Directions for this task -> Your reply should consist only of the lines from the one holding "LINARES: PDI DETUVO" to the last line of the data below, written out exactly and without pictures.

Recorded information ->

● ● ● ●

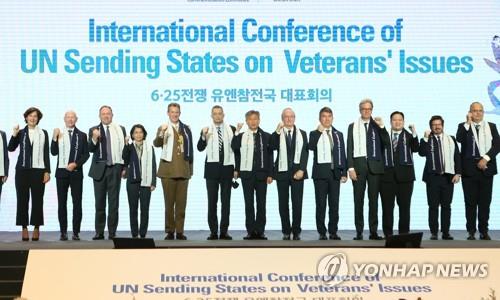 Diplomats from countries that participated in the Korean War for South Korea pose at the International Conference of U.N. Sending States on Veterans' Issues hosted by the 70th Anniversary of the Korean War Commemoration Committee in the southern city of Busan on Nov. 10, 2020. (Yonhap)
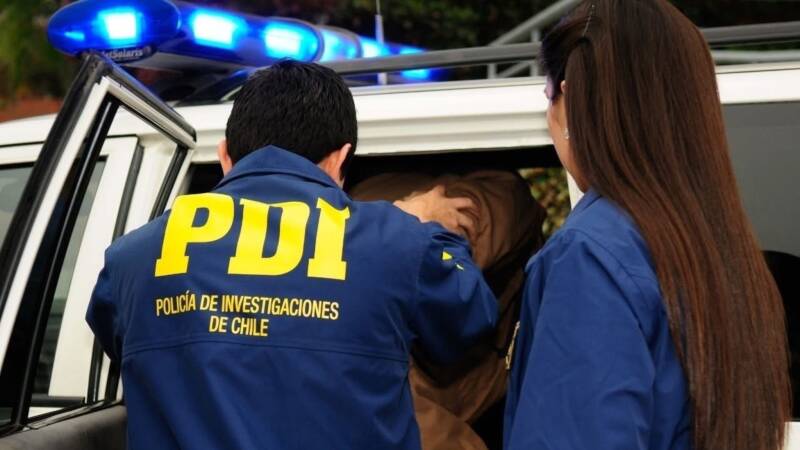 LINARES: PDI DETUVO EN FLAGRANCIA A IMPUTADO POR ROBO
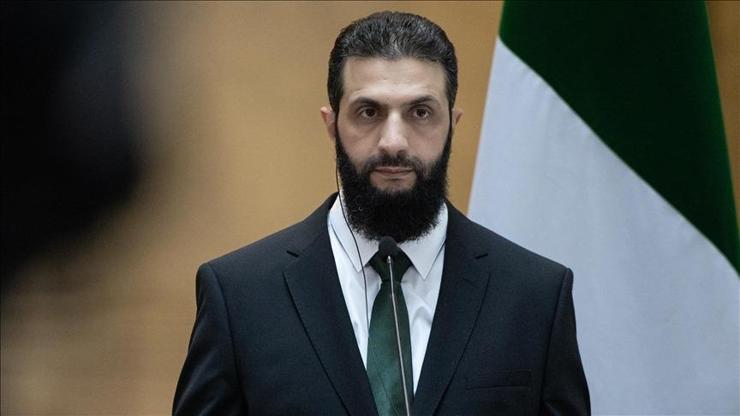 Suriye’de SON DAKİKA peş peşe yeni gelişmeler! Noel resmi tatil ilan edildi… Rejimi deviren silahlı gruplar feshediliyor: Savunma Bakanlığı çatısı altında birleşme kararı alındı….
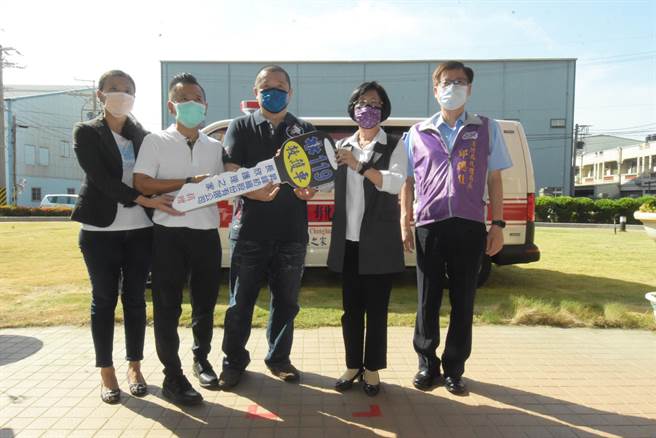 彰化县伸港乡长欣护理之家执行长周琨智、升峰纺织股份有限公司董事长周纮庆及研发组长周俐君，为延续母亲林淑瑛女士热心助人的遗愿，7日上午捐赠救护车1辆予彰化县消防局。（吴敏菁摄）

● ● ● ●

Your solution ->
 LINARES: PDI DETUVO EN FLAGRANCIA A IMPUTADO POR ROBO
 Suriye’de SON DAKİKA peş peşe yeni gelişmeler! Noel resmi tatil ilan edildi… Rejimi deviren silahlı gruplar feshediliyor: Savunma Bakanlığı çatısı altında birleşme kararı alındı….
 彰化县伸港乡长欣护理之家执行长周琨智、升峰纺织股份有限公司董事长周纮庆及研发组长周俐君，为延续母亲林淑瑛女士热心助人的遗愿，7日上午捐赠救护车1辆予彰化县消防局。（吴敏菁摄）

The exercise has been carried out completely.